Soft deleting nodes + query performance

What I want to do

Soft delete nodes without any performance penalties

What I did

I am soft deleting by flagging nodes as ‘deleted’ + applying a filter on each node reference in the query, meaning something like this

query {
  d(func: uid(1))  {
    uid
    pred {
     uid
    }
  }
}

turns into this

query {
  d(func: uid(1)) @filter(not(has(deletedAt))) {
    uid
    pred @filter(not(has(deletedAt))) {
     uid
    }
  }
}

which does work and I have been using this for over 2 years now. However recently I investigated the performance of this and found that this method basically doubles the query time.

I wrote some benchmarks, which confirm my original findings.

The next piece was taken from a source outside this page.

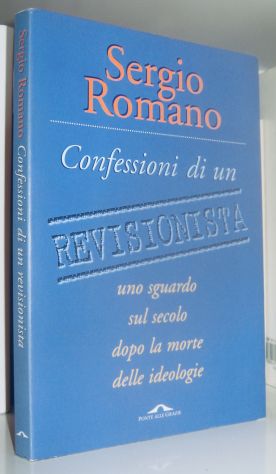 Confessioni di un revisionista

These benchmarks show, that on a query with around 350 @filter statements (which is a usual amount for some of our queries) even without any data stored inside of dgraph, queries are significantly slower

Benchmark_query-8                  	     267	   4513224 ns/op
Benchmark_query_without_filter-8   	     348	   3732911 ns/op

(if you want I can share the code for the benchmarks later).

I am curious if you can think of a better implementation for this? Obviously, the easiest way would be to hard delete the nodes, but do you maybe see a way of achieving this without such a hard performance penalty?

3 Likes

Is that nanosecond?

3,73 ms and 4,51 ms seems pretty fast.

https://www.google.com/search?q=4513224++nanosecond+to+ms

It is fast, but as I said that this benchmark works against 0 data stored. The difference on our production data is around 200ms vs 100ms without the @filter statements.

I see,

Can you tell under what conditions it reaches 200 ms?

In the common day a simple query to get a very small data takes 200 ms? or is it just for “Bulk queries”?

A comment aside, I suspect the application of filters in Dgraph is not distributed. I think the gathering of predicates itself is distributed and the application of filters and parameters is centralized into the instance you are connect to. I think decentralizing this could help in cases like this.

But it’s just a theory, I have no idea how the code is implemented literally.

However, it is evident that you gain more “weight”(consumes more RAM and CPU resources) when you apply filters and parameters in a query. There’s no way to get the same latency against a clean query.

it’s 200ms under zero load. It is a pretty big query (around 1200 lines) but not uncommon for us.